Recorded data —
○ ○ ○
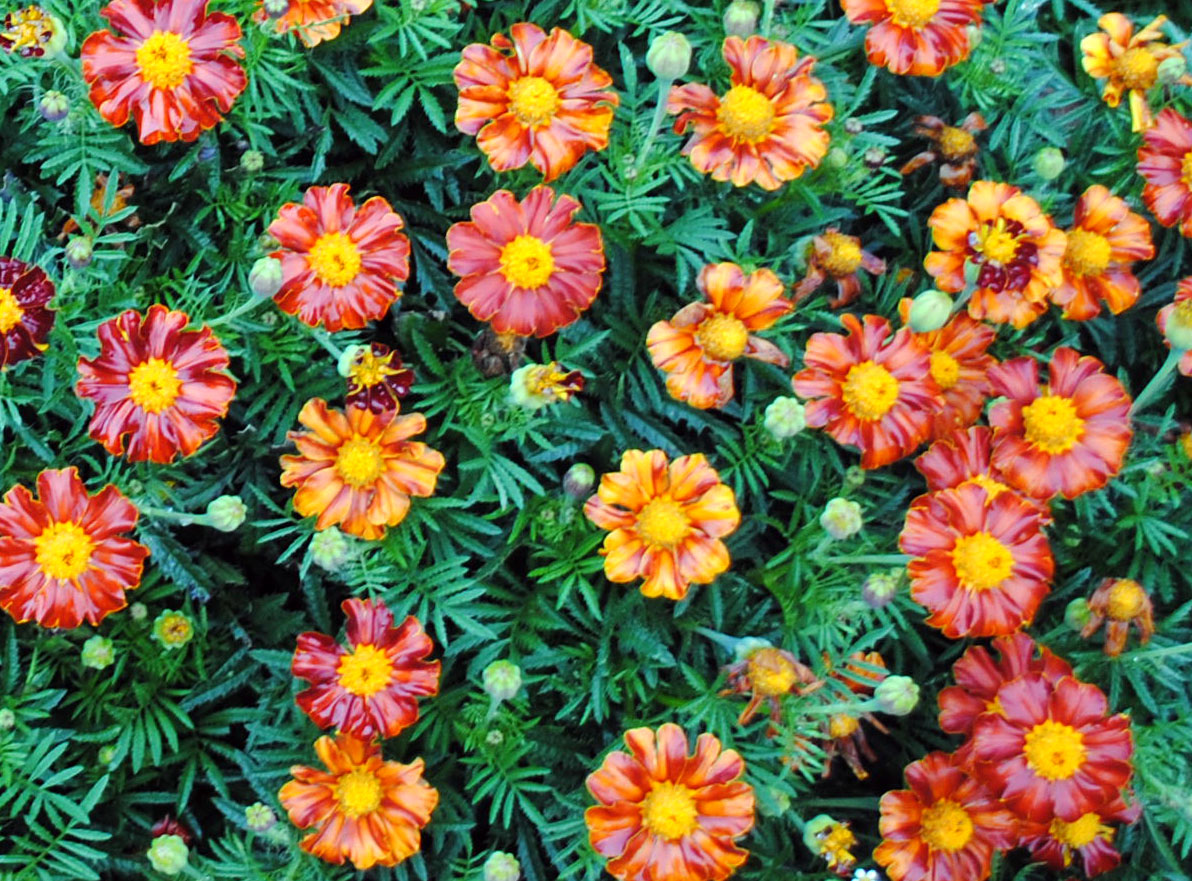 French Marigold, Tashkent 1, 0.5 g Southern Exposure Seed Exchange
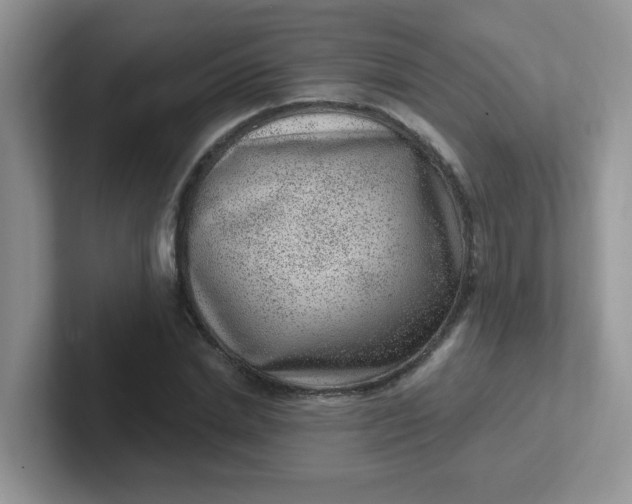 X0000102310830200808081603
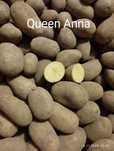 Ziemniaki żółte Queen Anna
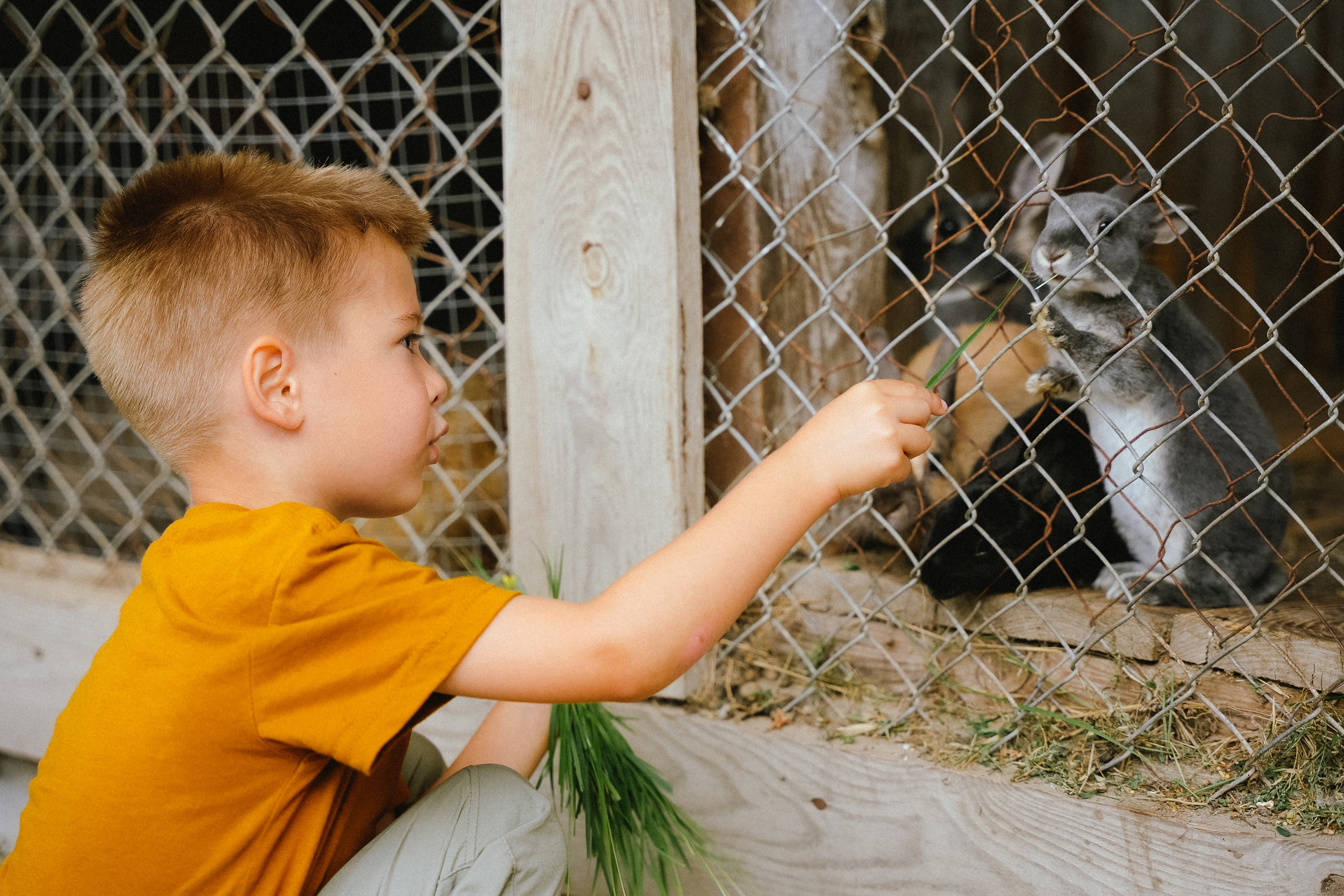 Детские. Семейный и детский фотограф в Рязани Кулешова Оксана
○ ○ ○
Exercise requirements —
The required output is the listing above reproduced exactly, pictures removed.

Exercise result —
 French Marigold, Tashkent 1, 0.5 g Southern Exposure Seed Exchange
 X0000102310830200808081603
 Ziemniaki żółte Queen Anna
 Детские. Семейный и детский фотограф в Рязани Кулешова Оксана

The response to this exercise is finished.